Indeed, Romney . . . a man we all once considered a moderate Republican, has thrown his lot in with the tea party, House Republicans and Paul Ryan’s eviscerating budget. It is quite a phenomenon, really, to watch this man repudiate every worthwhile thing he has ever accomplished in order to curry favor with the right wing fringe. How is it possible that these extremists wield such power over Republicans? Okay, I’m straying from my point to question something I’ll never understand anyway, so back to my point.
We have a clear choice in November. I’m not denying for a minute the fact that super-PACS are running amok or that Citizens United sucks or that big money ultimately controls everything. I’m also not naively claiming that Romney is the only politician who lies (Although he’s a consummate liar, a truly polished, sophisticated liar, and that scares me to death because not everyone checks these things out like I do).
I’m also aware of what Obama has failed to do, of the promises not kept and the tougher stances I wish he had taken on many issues. All of that notwithstanding; we have a very clear choice in November. We can either go forward or we can go backward. We can continue to innovate and invent and build and educate, or we can regress into another kind of country, the kind of country we’ve only read about. We can either attempt to stay true to what America has always been at its core . . . a fair and compassionate country, or we can opt to be something else . . . a country where the tremendous gap between the wealthiest few and everyone else comes to define us, like apartheid defined South Africa or the caste system defined India.
Because I really believe Obama is right when he said, “I can’t remember a time when the choice between two competing visions of our future has been so unambiguously clear.”
Those competing visions really center on the role of the federal government in this country. Democrats and progressives believe that government can do some things better than the free market or private citizens can. They believe we need government’s help to support research and development, protect us against consumer fraud, rebuild our crumbling infrastructure, provide security for the elderly, and educate our citizens so they can compete in the global marketplace. Republicans, at least the current crop, do not.
For some inexplicable reason, the Republicans want to continue with the policies that got us into this mess in the first place, only they want to double down on them.
That means even more money to the wealthy and even less support and resources to the poor and the middle class. That means huge spending cuts to the safety nets that have protected us and our neighbors during unemployment or recession. It means huge cuts to public education – from pre-school through college -- which is already suffering from massive budget cuts at a time when it is critical to the future of this country that we provide more accessible and affordable education to all. How ironic that this year marks the 150th anniversary of the Morrill Act, established by Republican Abraham Lincoln, that instituted land-grant universities so that not just an elite few, but all citizens could benefit from higher education.
It also means huge cuts to environmental protection, which shouldn’t be a partisan concept; we all should want safe water and clean air, which is obviously why Republican Richard Nixon established the Environmental Protection Agency and Republican George H.W. Bush passed the Clean Air Act.

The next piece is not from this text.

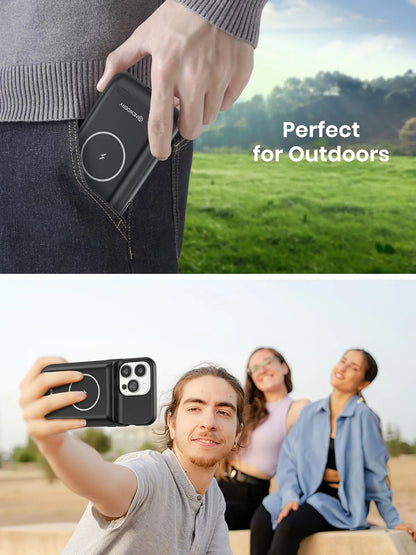 10000mAh Wireless Battery Charger Case for iPhone 15/15Pro/15 Pro Max Plus Portable Thin Power Bank Cover Battery Pack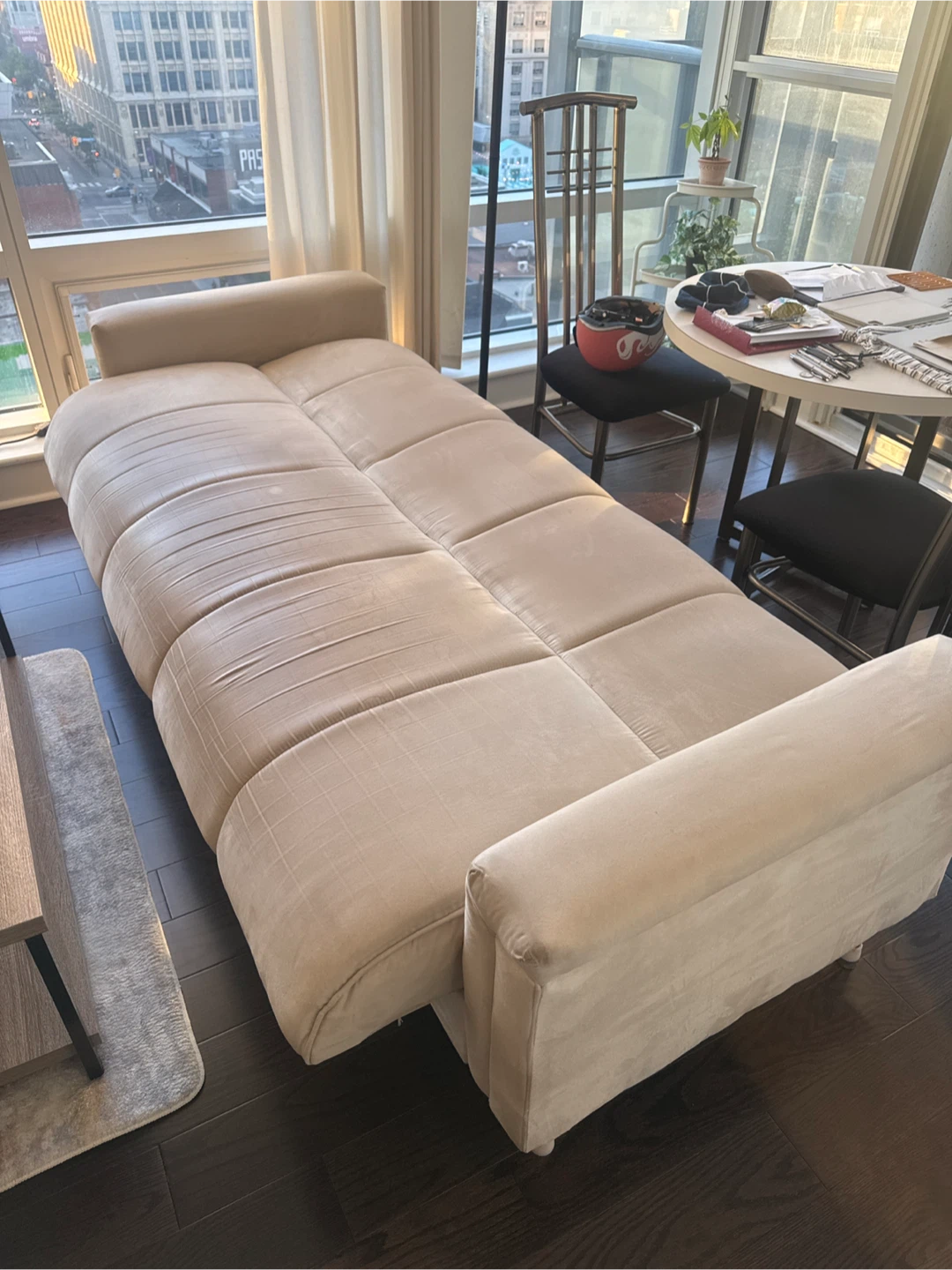 Beige Velvet Sofa Bed - photo 2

It seems to me that today’s Republicans, now led by their nominee, Mitt Romney, believe government is useful for waging war, cutting taxes and making sure that private industry is unregulated. And he and his fellow Republicans will tell you the more we cut taxes on the rich and deregulate industry, the more jobs will be created.
The polls show that Obama is more likable, but they also show that more people believe that Romney can fix the economy. If that’s your choice, we’ll see how many jobs will be created by following the Republican’s vision. If that’s not your choice, then give Obama a chance to finish what he’s started. Choose to go forward.